There are three ways that CSM members interact with CCP outside of in-person CSM summits. The first are through weekly meetings, which are generally recorded, and which I have been taking minutes for. I’ve made those minutes available to both CCP and to the rest of the CSM in case of issues with people arriving late or leaving early, as well as inevitable technical issues that can result in garbled communications. The second method for interaction with CCP is through conversations with the various segments and teams via CCP’s internal Slack and their internal Confluence systems. Most folks are familiar with Slack, and Confluence is essentially an internal wikipedia where more in-depth plans and designs can be posted, reviewed and comment upon. Finally, CSM members can chat privately one-on-one with specific CCP staff as necessary.

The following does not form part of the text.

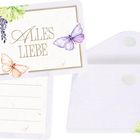 "ALLES LIEBE" in elegantem Schriftzug. Dekorative Schmetterlinge und bunte Blumen verzieren die Karte und den Umschlag.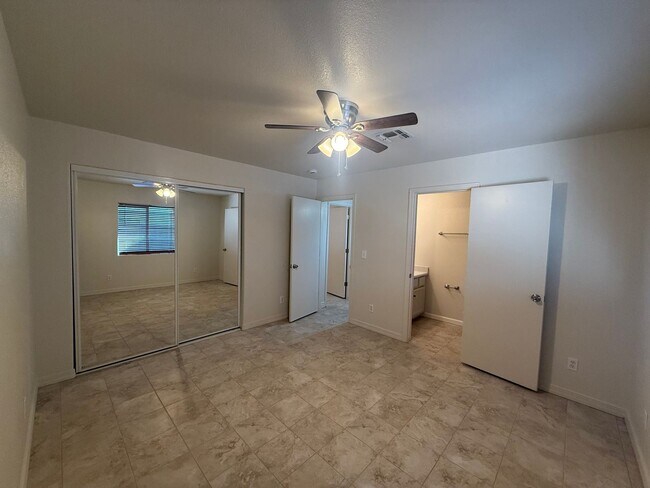 Building Photo - 3 Bedroom 2 Bathroom Home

So far, we have had eight meetings, which I will briefly summarize here. Where I include specific meeting lengths, those are for sessions where we have a video recording and I can get the exact time length. For those with “about an X,” those estimates are based on my meeting minutes and memory of the meeting itself. For the record, all of the information included below has been cleared with CCP for release.

Meeting 1 – June 19 – On-boarding Session
Duration: About 1 hour

Our first meeting was held the week after the election, but prior to the meeting, CCP Dopamine held 1 on 1 onboarding sessions with most of the new members of CSM 15 and some returning veterans, including me. This helped get us up to speed and gave us a chance to get to know our primary community team contact. Each of the on-boarding sessions lasted about a half an hour.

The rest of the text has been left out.